While on its surface, “The New Boy” is about the collision of different kinds of faith, it’s actually more about the inevitable and centuries-old clash between Indigenous people and others who arrived as colonizers.

“I didn’t want to go into it with that sort of worthy kind of victimization,” Thornton says. “It’s just this natural progression of what happens as colonization travels the world.

“If you imagine a field of wheat, that it’s been planted by a colonizer, and there’s these native sort of weeds in between the wheat,” he says, laughing. “It’s a terrible, terrible notion to call us Indigenous people weeds, but we get colonized by this wheat and then the harvesters come through and you don’t even see us.

“It’s kind of putting us on the map,” Thornton continues. “Like, we are there as well, and that’s kind of the bigger picture for me. I was never really like, ‘A certain power wins.’ I really didn’t want to go there even though Christianity kind of does win.

“It was more about saying that we were here, and we are here, and we still have special magic.”

An empathetic eye

As a White Australian who grew up familiar with Christianity, if not particularly religious, Blanchett came to Sister Eileen with empathy for her decisions, if not endorsement of her actions.

“One of the things I found interesting about Sister Eileen, there’s a war going on,” she says of both World War II and the struggle between Australia’s Indigenous and non-native populations then and now. “And the inevitability of that particular machine, particularly if you’re a young Indigenous child, is that you will be eaten up by it.

“So trying to stave off that inevitability, she’s shut the outside world out, and sort of willfully created this anxious sort of innocence,” she says. “And she’s fostered this innocence that the inevitability of the world won’t happen.

“I think she’s desperate for a miracle, and that was something I found very moving,” Blanchett says of Sister Eileen’s desire to save the orphaned boys in every sense of the word. “I think she’s alive to the miracle of the new boy, but really sort of fearful of the change that he represents. Ultimately, when she’s asked to attempt to fly, she’s profoundly mortal.”

“The New Boy” premiered at the Cannes Film Festival in 2023, followed by its release in Australia, where it became one of the most acclaimed films of that year. Aswan Reid won best actor at the Australian Academy of Cinema and Television Arts Awards, where the film earned a total of 12 nominations.

Blanchett, Blair and Mailman were each nominated in acting categories, with Mailman winning for best supporting actress. Thornton received nominations for directing, screenplay and cinematography.
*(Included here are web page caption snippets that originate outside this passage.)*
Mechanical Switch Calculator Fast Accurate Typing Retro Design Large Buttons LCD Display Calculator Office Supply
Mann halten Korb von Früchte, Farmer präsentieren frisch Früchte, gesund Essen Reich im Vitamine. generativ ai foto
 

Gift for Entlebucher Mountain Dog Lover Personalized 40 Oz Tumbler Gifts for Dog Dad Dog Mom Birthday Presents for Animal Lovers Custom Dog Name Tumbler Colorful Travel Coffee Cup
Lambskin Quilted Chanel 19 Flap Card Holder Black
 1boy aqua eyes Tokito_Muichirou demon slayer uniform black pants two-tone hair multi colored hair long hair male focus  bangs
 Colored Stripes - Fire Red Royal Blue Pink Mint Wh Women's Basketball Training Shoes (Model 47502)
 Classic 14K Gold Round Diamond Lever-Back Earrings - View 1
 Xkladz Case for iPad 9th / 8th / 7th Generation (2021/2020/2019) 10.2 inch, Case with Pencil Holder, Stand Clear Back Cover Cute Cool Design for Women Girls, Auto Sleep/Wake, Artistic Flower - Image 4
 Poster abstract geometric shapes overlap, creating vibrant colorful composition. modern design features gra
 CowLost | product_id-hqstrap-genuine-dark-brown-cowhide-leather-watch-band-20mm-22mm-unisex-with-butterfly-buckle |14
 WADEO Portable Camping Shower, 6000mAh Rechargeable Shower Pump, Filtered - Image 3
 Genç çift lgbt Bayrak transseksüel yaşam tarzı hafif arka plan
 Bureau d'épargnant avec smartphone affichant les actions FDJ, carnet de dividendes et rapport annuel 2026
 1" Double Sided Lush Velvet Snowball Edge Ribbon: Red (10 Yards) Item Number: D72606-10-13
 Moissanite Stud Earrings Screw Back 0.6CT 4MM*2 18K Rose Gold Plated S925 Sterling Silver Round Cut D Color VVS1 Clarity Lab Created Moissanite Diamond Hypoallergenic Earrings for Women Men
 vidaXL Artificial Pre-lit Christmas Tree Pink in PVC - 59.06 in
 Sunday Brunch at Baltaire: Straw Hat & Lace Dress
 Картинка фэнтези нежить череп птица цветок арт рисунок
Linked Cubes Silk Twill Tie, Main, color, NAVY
He won the AACTA Award for the latter category, a well-deserved honor, for “The New Boy” is a gorgeously shot film, mixing painterly vistas of rural Australian wheatfields with intimate chiaroscuro scenes inside the orphanage.

“I started off with cinematography, so I still shoot my own films,” says Thornton, who also won the prestigious Gold Frog for best cinematography at the 2023 Camerimage, the prestigious international cinematography awards.

“The funniest thing about this film is that I pitched to everyone earlier and they all asked, ‘What’s it going to look like?’” he says. “I’d say it looks like ‘Days of Heaven,’” [The 1978 Terrence Malick film was beautifully set and shot amid its own endless wheatfields.]

“The irony is, I’ve never seen ‘Days of Heaven,’” Thornton says, laughing. “Everyone needs to see an image, and they need to put it in the box and tie it in a bow so they understand it. Well, the box was empty for me, but I gave them an image.

“Hey, I lied and I survived,” he says. “It’s a strange, strange way to live.”